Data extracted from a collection
>>>>>

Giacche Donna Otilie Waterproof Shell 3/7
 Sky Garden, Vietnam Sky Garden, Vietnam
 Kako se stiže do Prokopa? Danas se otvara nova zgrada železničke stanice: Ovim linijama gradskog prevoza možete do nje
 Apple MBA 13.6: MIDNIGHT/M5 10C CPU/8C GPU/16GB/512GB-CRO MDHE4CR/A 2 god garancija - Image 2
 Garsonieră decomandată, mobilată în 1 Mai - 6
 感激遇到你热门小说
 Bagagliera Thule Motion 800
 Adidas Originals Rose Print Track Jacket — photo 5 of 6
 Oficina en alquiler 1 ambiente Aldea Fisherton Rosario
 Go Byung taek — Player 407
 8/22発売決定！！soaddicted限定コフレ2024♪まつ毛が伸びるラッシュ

<<<<<

=== WHAT THE EXERCISE ASKS ===
Only the lines above, from the first through the one holding "Adidas Originals Rose", are to be output, and they must be copied exactly.

=== RESPONSE BELOW ===
Giacche Donna Otilie Waterproof Shell 3/7
 Sky Garden, Vietnam Sky Garden, Vietnam
 Kako se stiže do Prokopa? Danas se otvara nova zgrada železničke stanice: Ovim linijama gradskog prevoza možete do nje
 Apple MBA 13.6: MIDNIGHT/M5 10C CPU/8C GPU/16GB/512GB-CRO MDHE4CR/A 2 god garancija - Image 2
 Garsonieră decomandată, mobilată în 1 Mai - 6
 感激遇到你热门小说
 Bagagliera Thule Motion 800
 Adidas Originals Rose Print Track Jacket — photo 5 of 6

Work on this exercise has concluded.